● **THE TASK**
Select all lines holding the word "Silver" from the entries that follow.

[Records from a collection]
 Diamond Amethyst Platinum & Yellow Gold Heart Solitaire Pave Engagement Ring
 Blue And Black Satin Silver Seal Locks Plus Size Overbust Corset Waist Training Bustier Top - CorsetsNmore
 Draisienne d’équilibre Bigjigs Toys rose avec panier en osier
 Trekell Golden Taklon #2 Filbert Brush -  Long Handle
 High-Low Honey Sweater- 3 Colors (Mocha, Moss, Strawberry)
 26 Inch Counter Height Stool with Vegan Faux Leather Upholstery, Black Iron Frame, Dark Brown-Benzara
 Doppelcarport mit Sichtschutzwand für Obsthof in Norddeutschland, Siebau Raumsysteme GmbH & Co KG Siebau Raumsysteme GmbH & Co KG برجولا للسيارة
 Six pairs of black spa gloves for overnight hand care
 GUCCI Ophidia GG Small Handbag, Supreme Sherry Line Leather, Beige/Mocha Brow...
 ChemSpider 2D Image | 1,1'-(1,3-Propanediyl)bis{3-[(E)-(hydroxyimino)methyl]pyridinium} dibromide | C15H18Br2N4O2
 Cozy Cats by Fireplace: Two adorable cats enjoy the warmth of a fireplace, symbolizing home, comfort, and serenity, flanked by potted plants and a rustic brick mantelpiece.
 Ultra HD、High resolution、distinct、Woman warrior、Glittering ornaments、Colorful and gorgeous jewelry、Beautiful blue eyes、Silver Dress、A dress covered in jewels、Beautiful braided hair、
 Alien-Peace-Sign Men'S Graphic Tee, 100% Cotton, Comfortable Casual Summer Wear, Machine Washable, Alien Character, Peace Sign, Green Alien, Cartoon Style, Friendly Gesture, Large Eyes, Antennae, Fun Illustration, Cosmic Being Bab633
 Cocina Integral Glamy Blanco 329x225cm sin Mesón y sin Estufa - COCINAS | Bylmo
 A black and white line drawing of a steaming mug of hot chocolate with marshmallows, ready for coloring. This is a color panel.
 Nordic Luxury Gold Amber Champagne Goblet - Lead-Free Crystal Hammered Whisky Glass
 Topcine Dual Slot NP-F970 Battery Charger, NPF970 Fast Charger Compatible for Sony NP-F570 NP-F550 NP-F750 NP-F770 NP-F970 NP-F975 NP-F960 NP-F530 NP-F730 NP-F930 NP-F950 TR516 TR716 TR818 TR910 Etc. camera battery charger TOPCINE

● **SOLVED PROBLEM**
 Blue And Black Satin Silver Seal Locks Plus Size Overbust Corset Waist Training Bustier Top - CorsetsNmore
 Ultra HD、High resolution、distinct、Woman warrior、Glittering ornaments、Colorful and gorgeous jewelry、Beautiful blue eyes、Silver Dress、A dress covered in jewels、Beautiful braided hair、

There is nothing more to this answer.